***** DATASET EXTRACT *****
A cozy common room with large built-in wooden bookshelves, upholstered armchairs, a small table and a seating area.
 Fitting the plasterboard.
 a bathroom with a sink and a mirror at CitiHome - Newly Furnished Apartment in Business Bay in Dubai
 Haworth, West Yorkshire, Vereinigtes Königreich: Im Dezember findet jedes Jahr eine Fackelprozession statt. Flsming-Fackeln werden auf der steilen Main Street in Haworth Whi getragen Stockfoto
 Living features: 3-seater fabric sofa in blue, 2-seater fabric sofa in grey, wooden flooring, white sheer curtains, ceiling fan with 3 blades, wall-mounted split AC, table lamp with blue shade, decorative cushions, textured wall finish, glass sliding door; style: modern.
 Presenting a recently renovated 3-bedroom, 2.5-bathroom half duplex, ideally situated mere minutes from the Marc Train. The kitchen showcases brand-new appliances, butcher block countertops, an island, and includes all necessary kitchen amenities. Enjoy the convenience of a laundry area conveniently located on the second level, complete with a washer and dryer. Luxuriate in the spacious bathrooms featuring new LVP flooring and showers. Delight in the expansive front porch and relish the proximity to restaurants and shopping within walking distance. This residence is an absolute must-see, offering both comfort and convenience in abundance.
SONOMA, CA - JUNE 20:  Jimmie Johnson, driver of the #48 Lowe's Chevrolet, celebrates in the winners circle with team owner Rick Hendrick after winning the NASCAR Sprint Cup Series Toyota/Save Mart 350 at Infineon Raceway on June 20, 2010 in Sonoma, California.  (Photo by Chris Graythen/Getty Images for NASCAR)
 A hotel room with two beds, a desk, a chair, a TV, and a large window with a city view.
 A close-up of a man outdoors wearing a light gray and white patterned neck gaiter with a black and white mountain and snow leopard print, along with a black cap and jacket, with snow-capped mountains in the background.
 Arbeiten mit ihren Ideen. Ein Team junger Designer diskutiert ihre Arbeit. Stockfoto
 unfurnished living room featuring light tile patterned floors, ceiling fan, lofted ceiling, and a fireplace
*****
WHAT NEEDS TO BE DONE> Gather, from the listing above, every line carrying the word "Stockfoto".

RESPONSE BELOW>
 Haworth, West Yorkshire, Vereinigtes Königreich: Im Dezember findet jedes Jahr eine Fackelprozession statt. Flsming-Fackeln werden auf der steilen Main Street in Haworth Whi getragen Stockfoto
 Arbeiten mit ihren Ideen. Ein Team junger Designer diskutiert ihre Arbeit. Stockfoto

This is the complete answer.